El cielo sobre la Cordillera Oriental, 16 de abril 2023
Vivir en las nubes
Querida Ángela, amorcita,
¿Te parecerá raro que una carta tenga título?
I
En este momento estoy atravesando el cielo, a 10.000 pies de altura, volando de Bucaramanga a Bogotá. Miro por la ventana y no se ve la tierra, volamos sobre abullonadas nubes, acomodadas como la crema de una galleta, entre un cielo azul gris y un suelo gris verdoso sin detalles definidos.

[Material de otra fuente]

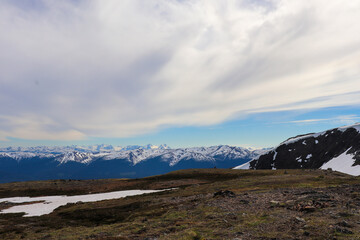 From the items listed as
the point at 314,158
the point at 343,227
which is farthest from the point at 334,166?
the point at 343,227

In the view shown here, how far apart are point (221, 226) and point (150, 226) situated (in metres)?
7.09

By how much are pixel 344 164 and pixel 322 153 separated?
36.1 metres

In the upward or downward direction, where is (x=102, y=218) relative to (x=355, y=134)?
downward

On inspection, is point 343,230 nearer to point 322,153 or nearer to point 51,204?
point 51,204

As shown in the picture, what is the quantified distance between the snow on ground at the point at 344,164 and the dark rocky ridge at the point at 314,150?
2.63 m

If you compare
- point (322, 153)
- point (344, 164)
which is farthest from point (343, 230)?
point (322, 153)

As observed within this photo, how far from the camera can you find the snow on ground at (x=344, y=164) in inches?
3753

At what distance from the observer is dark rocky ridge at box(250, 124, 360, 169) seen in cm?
12988

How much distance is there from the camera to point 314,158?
14450 cm

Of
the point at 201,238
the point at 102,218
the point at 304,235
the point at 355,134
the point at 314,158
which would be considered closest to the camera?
the point at 304,235

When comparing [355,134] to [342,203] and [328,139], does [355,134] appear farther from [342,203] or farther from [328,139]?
[342,203]

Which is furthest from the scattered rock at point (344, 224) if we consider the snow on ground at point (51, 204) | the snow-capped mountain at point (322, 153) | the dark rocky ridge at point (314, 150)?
the dark rocky ridge at point (314, 150)

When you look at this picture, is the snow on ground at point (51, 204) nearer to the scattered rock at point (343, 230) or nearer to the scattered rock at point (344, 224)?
the scattered rock at point (344, 224)

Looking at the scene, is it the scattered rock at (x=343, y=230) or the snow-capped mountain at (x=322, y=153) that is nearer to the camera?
the scattered rock at (x=343, y=230)
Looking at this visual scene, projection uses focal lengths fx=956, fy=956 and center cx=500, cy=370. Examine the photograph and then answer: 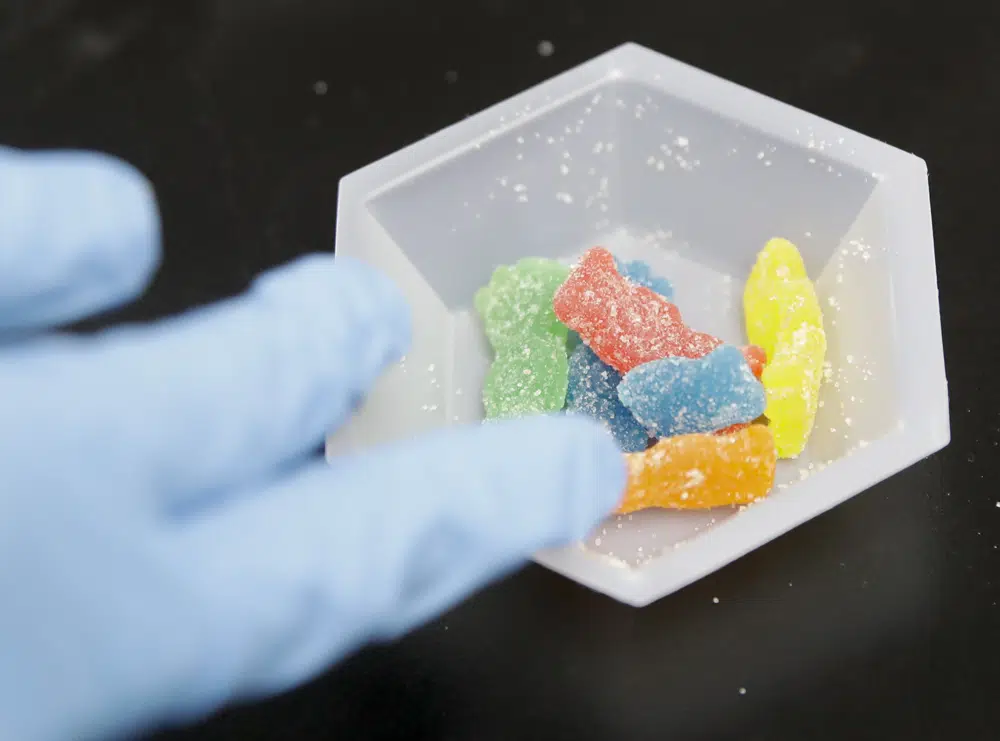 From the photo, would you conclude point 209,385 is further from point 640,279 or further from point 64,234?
point 640,279

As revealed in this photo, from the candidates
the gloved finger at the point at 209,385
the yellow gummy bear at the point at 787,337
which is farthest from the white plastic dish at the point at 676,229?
the gloved finger at the point at 209,385

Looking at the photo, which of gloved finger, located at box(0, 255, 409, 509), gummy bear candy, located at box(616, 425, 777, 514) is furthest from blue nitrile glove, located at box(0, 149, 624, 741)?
gummy bear candy, located at box(616, 425, 777, 514)

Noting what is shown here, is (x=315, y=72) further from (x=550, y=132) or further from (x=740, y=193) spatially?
(x=740, y=193)

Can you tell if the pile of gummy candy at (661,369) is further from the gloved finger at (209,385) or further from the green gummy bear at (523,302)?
the gloved finger at (209,385)

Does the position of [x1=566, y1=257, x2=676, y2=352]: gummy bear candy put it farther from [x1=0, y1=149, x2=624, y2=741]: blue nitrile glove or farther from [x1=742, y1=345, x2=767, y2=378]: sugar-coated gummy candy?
[x1=0, y1=149, x2=624, y2=741]: blue nitrile glove

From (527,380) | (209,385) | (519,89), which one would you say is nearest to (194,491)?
(209,385)

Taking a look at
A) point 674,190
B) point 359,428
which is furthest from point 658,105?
point 359,428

Me paré para ir al baño y al llegar al fondo del avión solo vi una puerta. Con un esfuerzo increíble la abrí. Cerré los ojos mientras era arrebatada por el impulso del aire, expulsada del avión con una fuerza brutal y sentí una explosión de adrenalina y hormigueo por todo el cuerpo. El viento frío me quemó la cara y los brazos. Intenté mirar pero abrir los ojos era doloroso y seco, no vi nada, imágenes borrosas, todo era rápido y confuso. Era paradójico que no pudiera respirar con tanto aire a mi alrededor. No pude controlar o mover ninguna parte de mi cuerpo, como si ya no fuera mío. Era una muñeca de trapo lanzada al vacío; solo me perteneció el vértigo, la certeza de mi caída libre sin paracaídas, y mi encuentro con la tierra a 300 kilómetros por hora, que en unos segundos lo acabaría todo.

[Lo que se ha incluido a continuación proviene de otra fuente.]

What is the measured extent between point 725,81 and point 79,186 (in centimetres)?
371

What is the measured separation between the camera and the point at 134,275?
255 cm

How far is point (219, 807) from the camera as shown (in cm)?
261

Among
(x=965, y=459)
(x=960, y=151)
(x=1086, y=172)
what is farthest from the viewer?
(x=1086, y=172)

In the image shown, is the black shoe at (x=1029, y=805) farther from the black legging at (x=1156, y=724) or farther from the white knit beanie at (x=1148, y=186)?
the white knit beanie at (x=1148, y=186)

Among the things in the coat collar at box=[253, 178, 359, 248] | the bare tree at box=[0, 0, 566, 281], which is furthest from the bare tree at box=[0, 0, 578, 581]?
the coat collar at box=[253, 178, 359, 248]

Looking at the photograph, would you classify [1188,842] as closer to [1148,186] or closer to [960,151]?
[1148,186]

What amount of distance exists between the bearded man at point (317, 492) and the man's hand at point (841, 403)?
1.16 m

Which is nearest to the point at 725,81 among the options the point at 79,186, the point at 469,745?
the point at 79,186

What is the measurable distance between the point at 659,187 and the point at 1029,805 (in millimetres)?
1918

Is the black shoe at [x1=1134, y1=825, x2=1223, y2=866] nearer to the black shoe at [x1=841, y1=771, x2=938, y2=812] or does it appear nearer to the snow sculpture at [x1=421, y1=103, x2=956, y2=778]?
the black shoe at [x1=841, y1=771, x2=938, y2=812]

Los baños de los aviones deberían tener en la puerta un letrero grande y visible para evitar confusiones de suicidas despistadas.
II
¿Recuerdas esa canción que dice: voy a hacerte una casa en el aire, solamente pa’ que vivas tú?
He decidido que quiero construir mi casa en el aire. Bueno, no estará propiamente en el aire, pero sí la quiero hacer sobre pilares, entre los árboles, sin compartir con vecinos las paredes, ni el techo, ni el piso. Imagino asomarme a la ventana y ver las ramas, la montaña, exceso de verde, sonido de aves y chicharras. Tres metros sobre el piso no es tanto, pero creo que harán una gran diferencia. También decidí que al lado de las escaleras para subir a la casa voy a construir un rodadero. Como te puedes dar cuenta, las decisiones de la casa las está tomando la niña que llevo adentro, la mujer adulta solo debe trabajar frente a un computador de 8 a 10 horas diarias, no comprar nada que no sea necesario y esforzarse para que el dinero alcance.
III
Como ese cielo
que no es azul ni gris.
Vacío,
soledad
y silencio.
Así quiero poblar mi mente.
IV
Estoy leyendo El matrimonio de los peces rojos de Guadalupe Nettel y hay una frase que me hace pensar en mi vida por estos días:
Mi vida no sólo había dejado de pertenecerme, sino que se había vuelto materia de discusión de terceros.
A veces siento que los libros me hablan. ¿No sientes lo mismo?
V
He pensado mucho en ti y en las chicas. Por estos días han pasado tantas cosas en las vidas de todas, tu continua búsqueda de ti misma en una ciudad desconocida, la tusa de Julia a 5439 km de distancia, la ansiedad de Cris por no saber si le dan o no la visa de trabajo para quedarse en Colombia, la preocupación de Caro por su madre enferma y mi incertidumbre en el futuro por el peso de una relación que no soy capaz de sostener y veo que se va a romper.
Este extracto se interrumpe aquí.